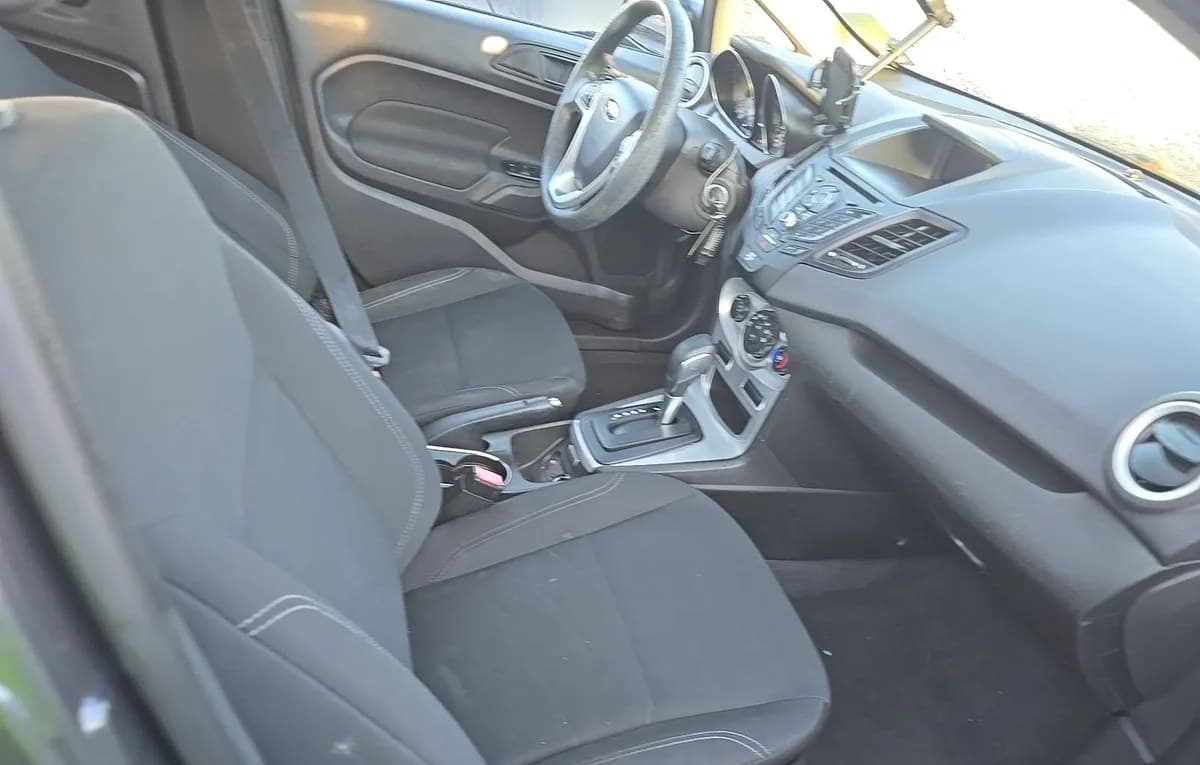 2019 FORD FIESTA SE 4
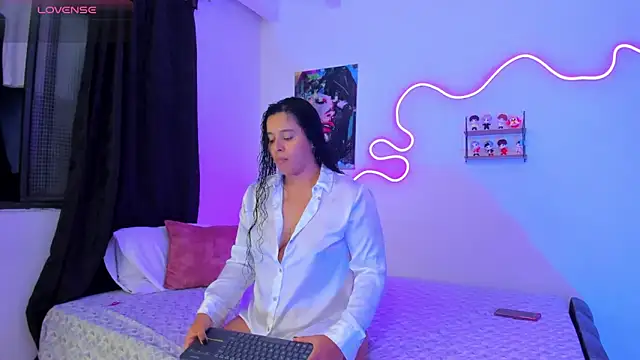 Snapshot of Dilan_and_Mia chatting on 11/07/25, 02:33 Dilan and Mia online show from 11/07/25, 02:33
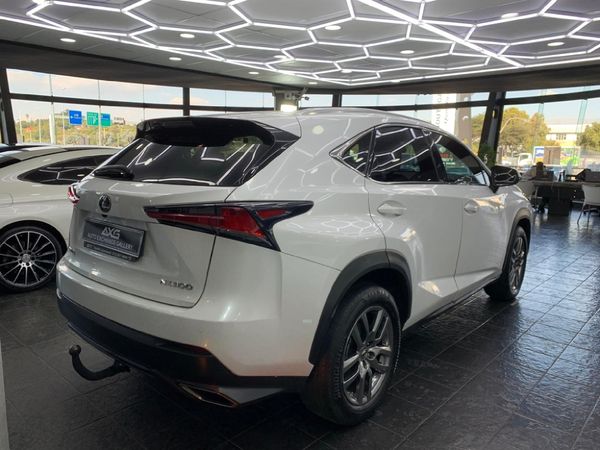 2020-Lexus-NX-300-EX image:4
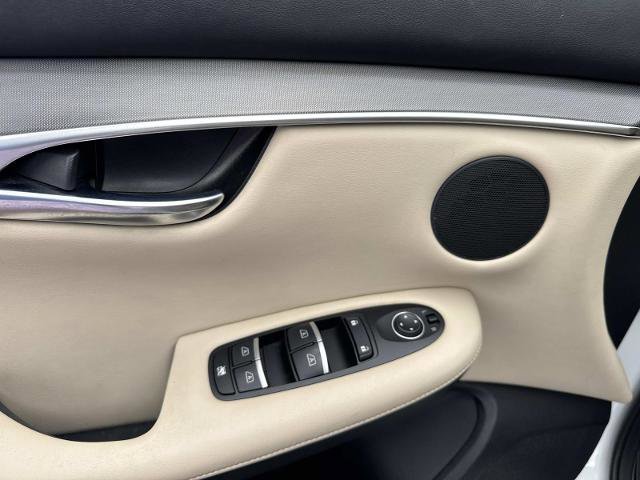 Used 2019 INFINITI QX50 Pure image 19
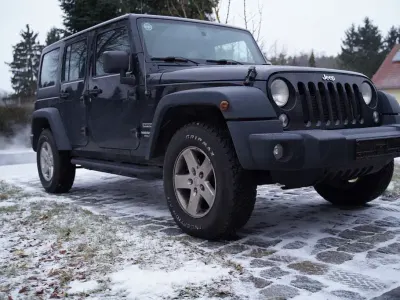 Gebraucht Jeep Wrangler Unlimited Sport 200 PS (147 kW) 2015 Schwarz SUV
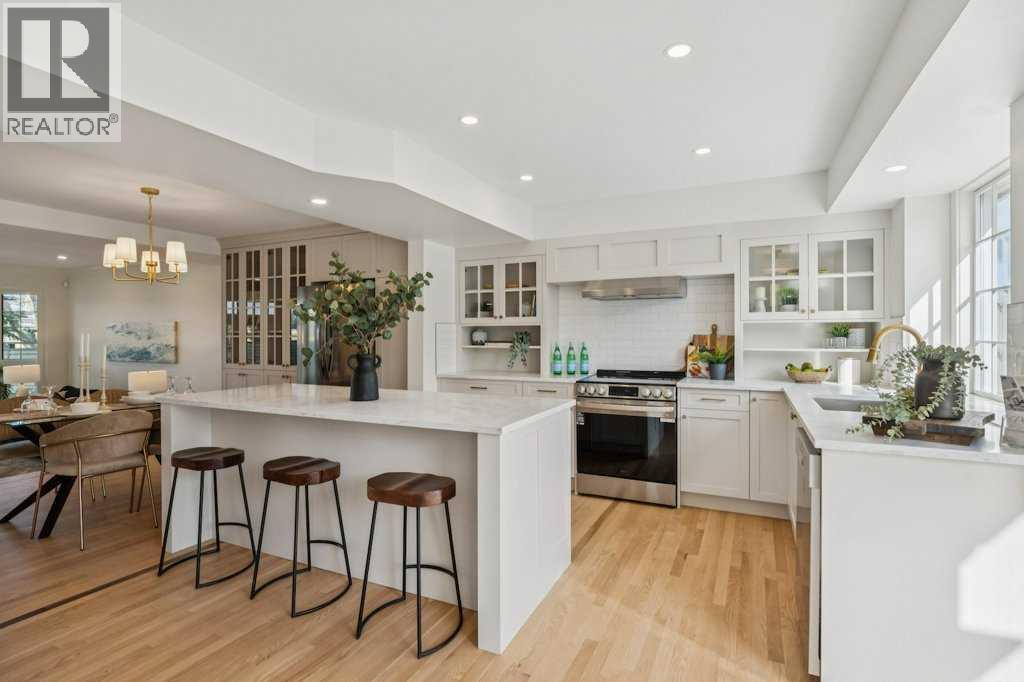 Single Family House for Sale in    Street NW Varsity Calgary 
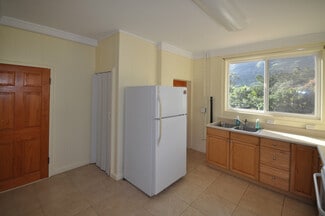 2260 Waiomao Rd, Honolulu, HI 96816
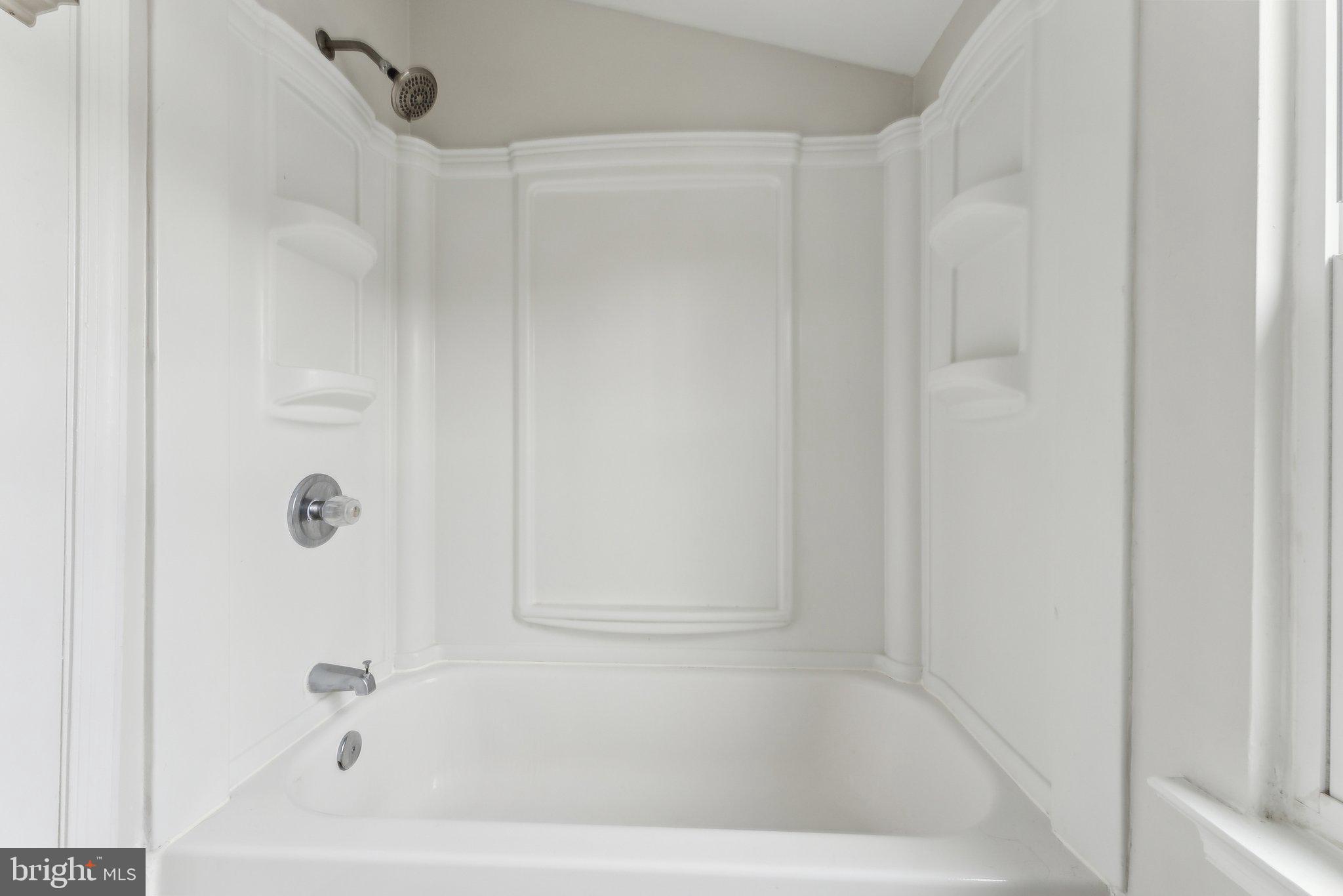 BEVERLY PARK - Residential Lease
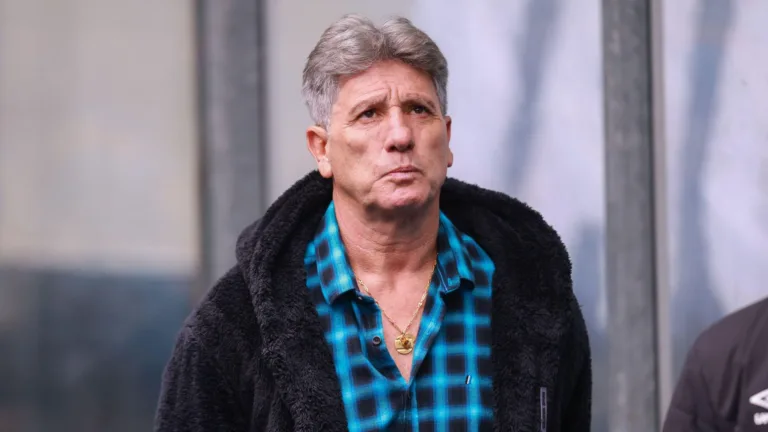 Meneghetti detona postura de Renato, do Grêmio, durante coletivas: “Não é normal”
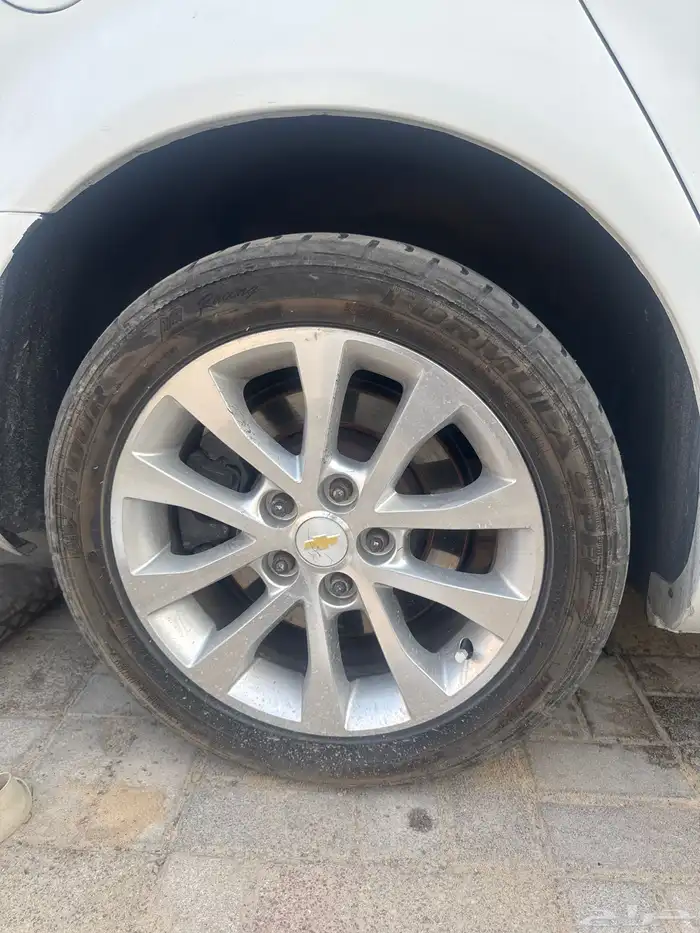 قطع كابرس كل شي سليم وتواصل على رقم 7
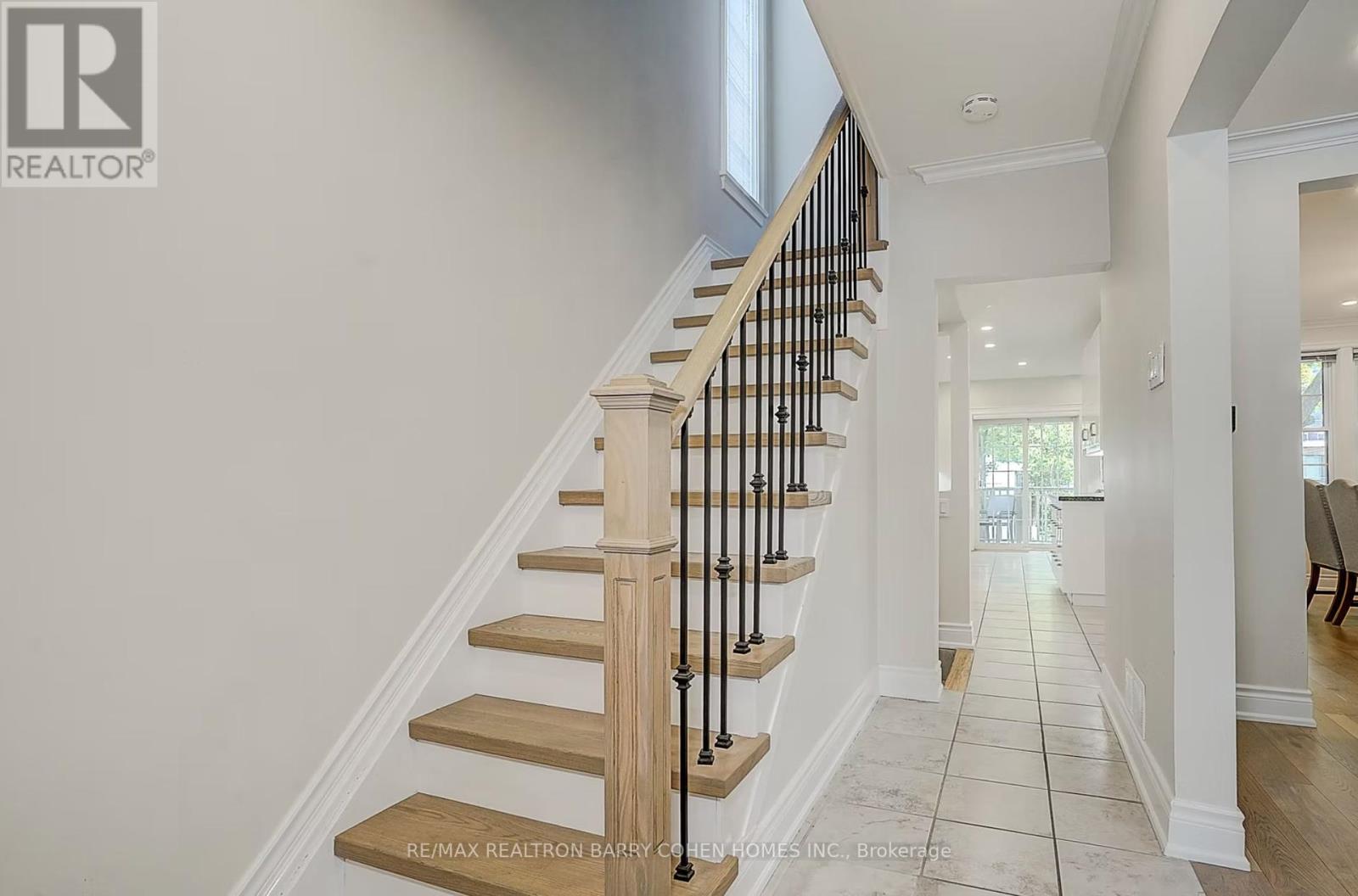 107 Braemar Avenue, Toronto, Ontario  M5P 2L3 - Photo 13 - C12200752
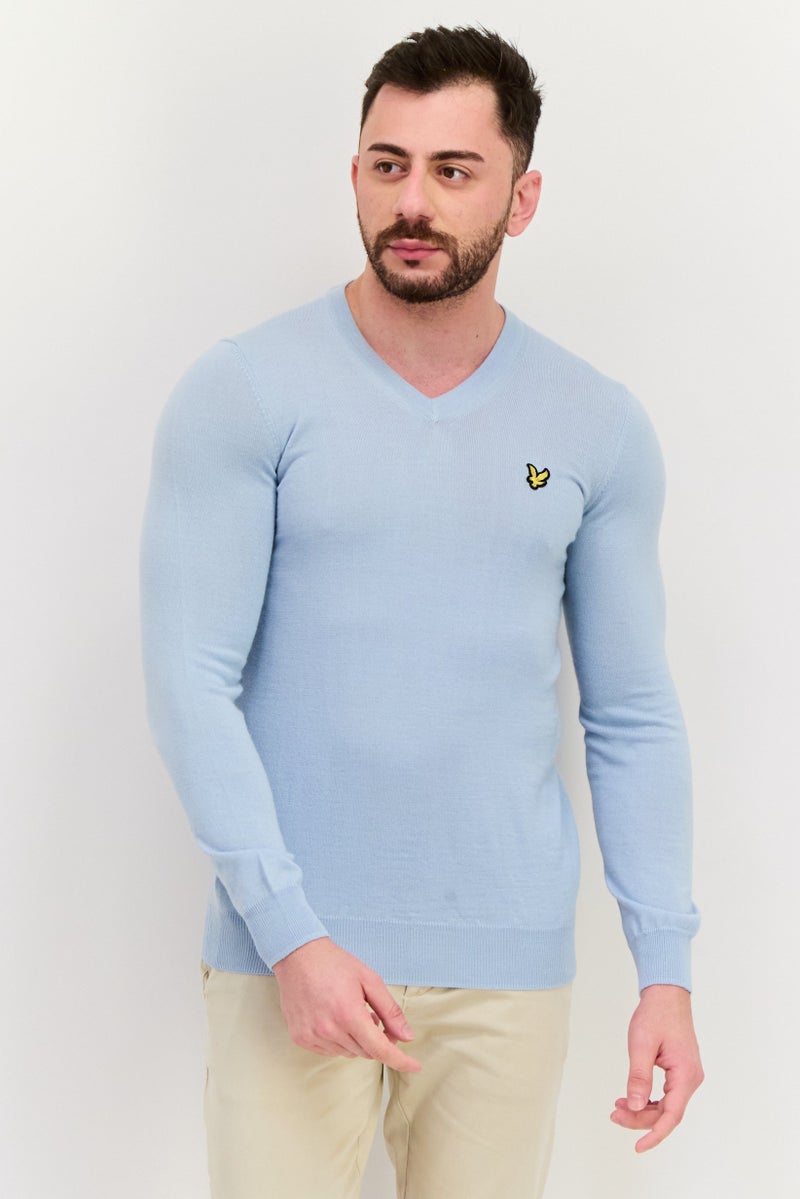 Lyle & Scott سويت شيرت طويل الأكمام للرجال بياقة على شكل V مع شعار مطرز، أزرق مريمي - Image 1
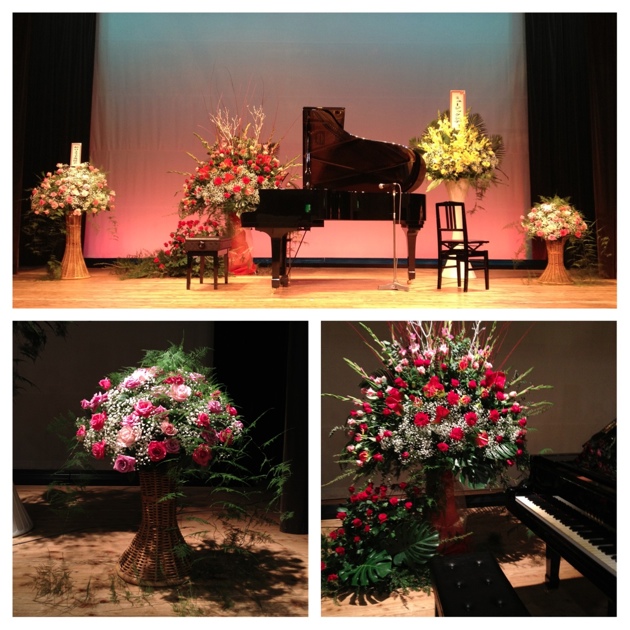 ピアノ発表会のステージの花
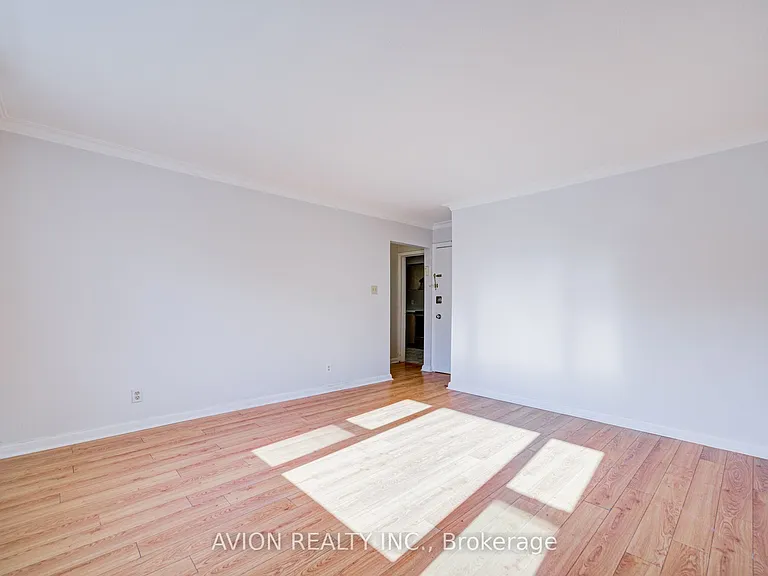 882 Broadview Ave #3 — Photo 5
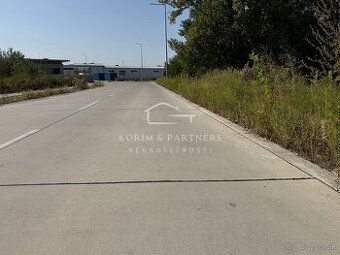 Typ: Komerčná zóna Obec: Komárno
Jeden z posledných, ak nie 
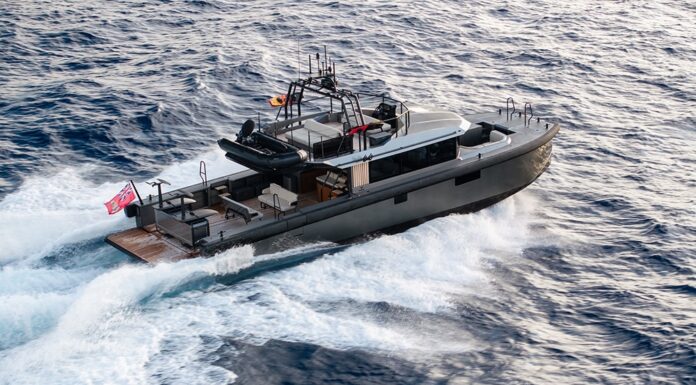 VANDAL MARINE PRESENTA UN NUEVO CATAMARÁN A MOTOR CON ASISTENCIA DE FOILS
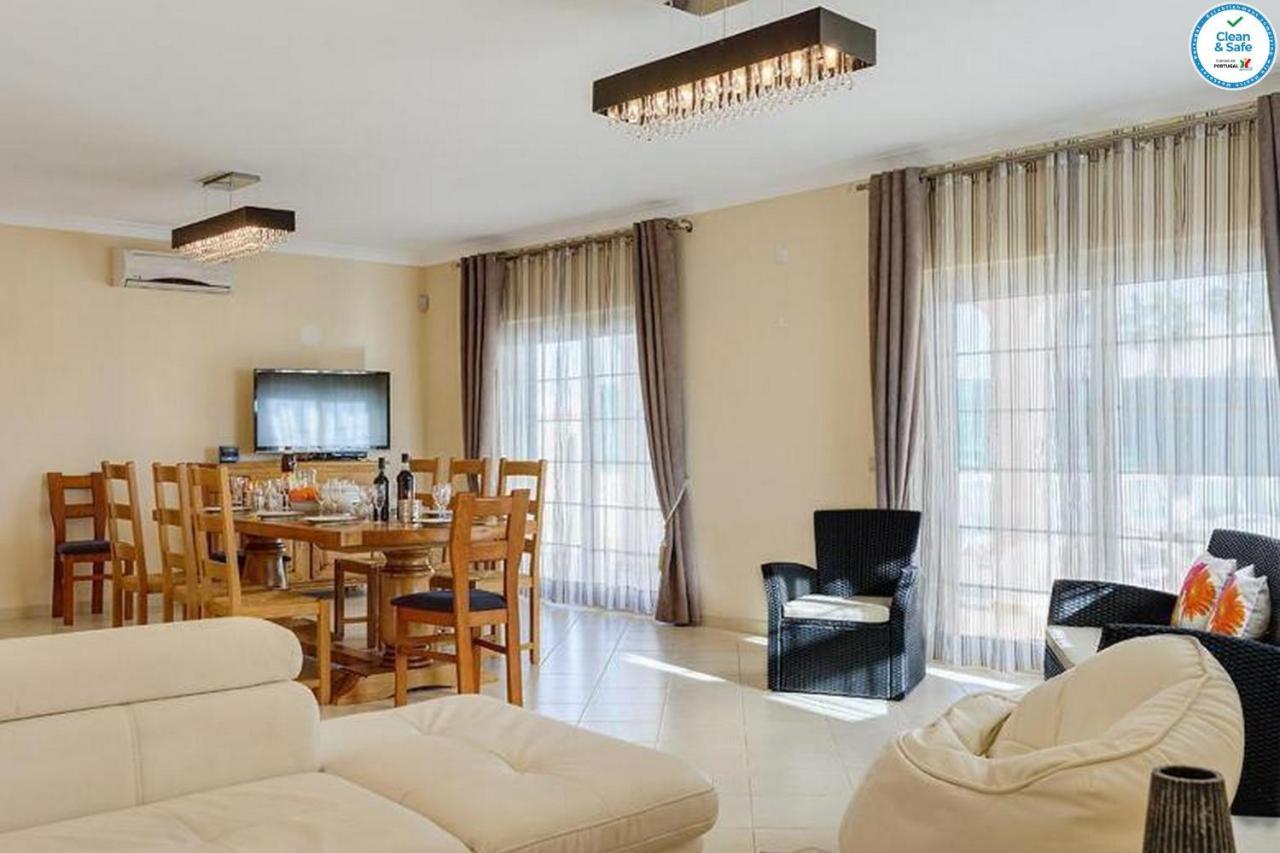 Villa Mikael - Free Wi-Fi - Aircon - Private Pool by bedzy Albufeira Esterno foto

----

EXERCISE PROMPT:
Starting with the line that contains "Lyle & Scott", print every remaining line of the records above, exactly as it stands. Do not print the pictures.

RESULT FOR THIS EXERCISE:
 Lyle & Scott سويت شيرت طويل الأكمام للرجال بياقة على شكل V مع شعار مطرز، أزرق مريمي - Image 1
 ピアノ発表会のステージの花
 882 Broadview Ave #3 — Photo 5
 Typ: Komerčná zóna Obec: Komárno
Jeden z posledných, ak nie 
 VANDAL MARINE PRESENTA UN NUEVO CATAMARÁN A MOTOR CON ASISTENCIA DE FOILS
 Villa Mikael - Free Wi-Fi - Aircon - Private Pool by bedzy Albufeira Esterno foto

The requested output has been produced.